[Opening Exercise data section]

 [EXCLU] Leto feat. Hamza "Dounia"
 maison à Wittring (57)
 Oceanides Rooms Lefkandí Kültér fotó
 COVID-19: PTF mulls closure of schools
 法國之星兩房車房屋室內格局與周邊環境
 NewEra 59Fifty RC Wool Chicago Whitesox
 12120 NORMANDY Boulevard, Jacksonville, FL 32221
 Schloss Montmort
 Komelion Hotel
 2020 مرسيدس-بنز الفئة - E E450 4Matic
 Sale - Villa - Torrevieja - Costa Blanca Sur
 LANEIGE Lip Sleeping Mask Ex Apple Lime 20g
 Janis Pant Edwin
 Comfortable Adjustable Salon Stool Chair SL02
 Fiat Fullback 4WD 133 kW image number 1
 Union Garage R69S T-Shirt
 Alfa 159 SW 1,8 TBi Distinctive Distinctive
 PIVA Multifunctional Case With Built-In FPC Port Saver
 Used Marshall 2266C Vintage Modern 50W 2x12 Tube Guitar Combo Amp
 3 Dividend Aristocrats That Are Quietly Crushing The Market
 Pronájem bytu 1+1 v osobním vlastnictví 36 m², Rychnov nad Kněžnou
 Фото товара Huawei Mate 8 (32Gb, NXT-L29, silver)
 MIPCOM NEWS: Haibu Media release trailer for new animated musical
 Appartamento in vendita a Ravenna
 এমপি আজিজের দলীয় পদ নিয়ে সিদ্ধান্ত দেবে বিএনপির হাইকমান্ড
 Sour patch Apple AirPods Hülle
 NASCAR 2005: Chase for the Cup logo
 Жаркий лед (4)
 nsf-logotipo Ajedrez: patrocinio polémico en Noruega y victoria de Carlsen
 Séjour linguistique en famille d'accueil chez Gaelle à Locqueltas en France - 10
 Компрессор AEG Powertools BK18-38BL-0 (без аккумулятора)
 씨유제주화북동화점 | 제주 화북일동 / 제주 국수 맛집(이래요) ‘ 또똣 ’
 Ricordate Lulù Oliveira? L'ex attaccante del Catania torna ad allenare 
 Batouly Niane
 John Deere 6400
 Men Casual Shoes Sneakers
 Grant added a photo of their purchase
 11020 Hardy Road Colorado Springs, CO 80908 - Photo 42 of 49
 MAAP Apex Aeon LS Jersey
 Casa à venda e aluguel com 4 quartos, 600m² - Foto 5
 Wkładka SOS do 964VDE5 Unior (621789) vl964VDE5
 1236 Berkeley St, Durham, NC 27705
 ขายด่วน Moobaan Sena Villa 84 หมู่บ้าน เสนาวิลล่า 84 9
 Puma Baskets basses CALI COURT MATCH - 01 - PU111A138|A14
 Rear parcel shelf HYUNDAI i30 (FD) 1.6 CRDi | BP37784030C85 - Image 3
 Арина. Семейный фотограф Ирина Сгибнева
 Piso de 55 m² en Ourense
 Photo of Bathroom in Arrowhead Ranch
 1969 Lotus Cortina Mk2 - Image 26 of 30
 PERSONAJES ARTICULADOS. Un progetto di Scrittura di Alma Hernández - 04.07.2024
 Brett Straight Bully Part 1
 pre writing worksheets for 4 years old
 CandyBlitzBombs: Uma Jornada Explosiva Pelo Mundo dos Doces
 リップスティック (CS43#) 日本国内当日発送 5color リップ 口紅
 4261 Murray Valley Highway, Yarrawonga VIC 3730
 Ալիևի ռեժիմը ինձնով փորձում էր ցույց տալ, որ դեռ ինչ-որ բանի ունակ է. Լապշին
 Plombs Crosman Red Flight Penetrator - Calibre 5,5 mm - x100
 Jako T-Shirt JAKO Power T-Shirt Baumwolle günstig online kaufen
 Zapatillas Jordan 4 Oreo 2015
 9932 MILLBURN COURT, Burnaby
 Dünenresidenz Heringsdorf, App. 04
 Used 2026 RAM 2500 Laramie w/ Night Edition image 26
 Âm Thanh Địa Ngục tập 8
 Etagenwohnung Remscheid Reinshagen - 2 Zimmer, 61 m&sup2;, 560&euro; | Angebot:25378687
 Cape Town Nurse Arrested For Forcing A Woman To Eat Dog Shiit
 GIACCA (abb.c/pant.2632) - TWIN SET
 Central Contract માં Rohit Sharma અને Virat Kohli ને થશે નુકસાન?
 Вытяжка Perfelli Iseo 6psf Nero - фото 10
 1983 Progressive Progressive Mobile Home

[Closing Exercise data section]

**Exercise:** Copy, exactly and only, the lines above that begin with the one containing "Sale - Villa - Torrevieja - Costa Blanca Sur" and finish with the one containing "nsf-logotipo Ajedrez: patrocinio".

**Solution for this task:**
 Sale - Villa - Torrevieja - Costa Blanca Sur
 LANEIGE Lip Sleeping Mask Ex Apple Lime 20g
 Janis Pant Edwin
 Comfortable Adjustable Salon Stool Chair SL02
 Fiat Fullback 4WD 133 kW image number 1
 Union Garage R69S T-Shirt
 Alfa 159 SW 1,8 TBi Distinctive Distinctive
 PIVA Multifunctional Case With Built-In FPC Port Saver
 Used Marshall 2266C Vintage Modern 50W 2x12 Tube Guitar Combo Amp
 3 Dividend Aristocrats That Are Quietly Crushing The Market
 Pronájem bytu 1+1 v osobním vlastnictví 36 m², Rychnov nad Kněžnou
 Фото товара Huawei Mate 8 (32Gb, NXT-L29, silver)
 MIPCOM NEWS: Haibu Media release trailer for new animated musical
 Appartamento in vendita a Ravenna
 এমপি আজিজের দলীয় পদ নিয়ে সিদ্ধান্ত দেবে বিএনপির হাইকমান্ড
 Sour patch Apple AirPods Hülle
 NASCAR 2005: Chase for the Cup logo
 Жаркий лед (4)
 nsf-logotipo Ajedrez: patrocinio polémico en Noruega y victoria de Carlsen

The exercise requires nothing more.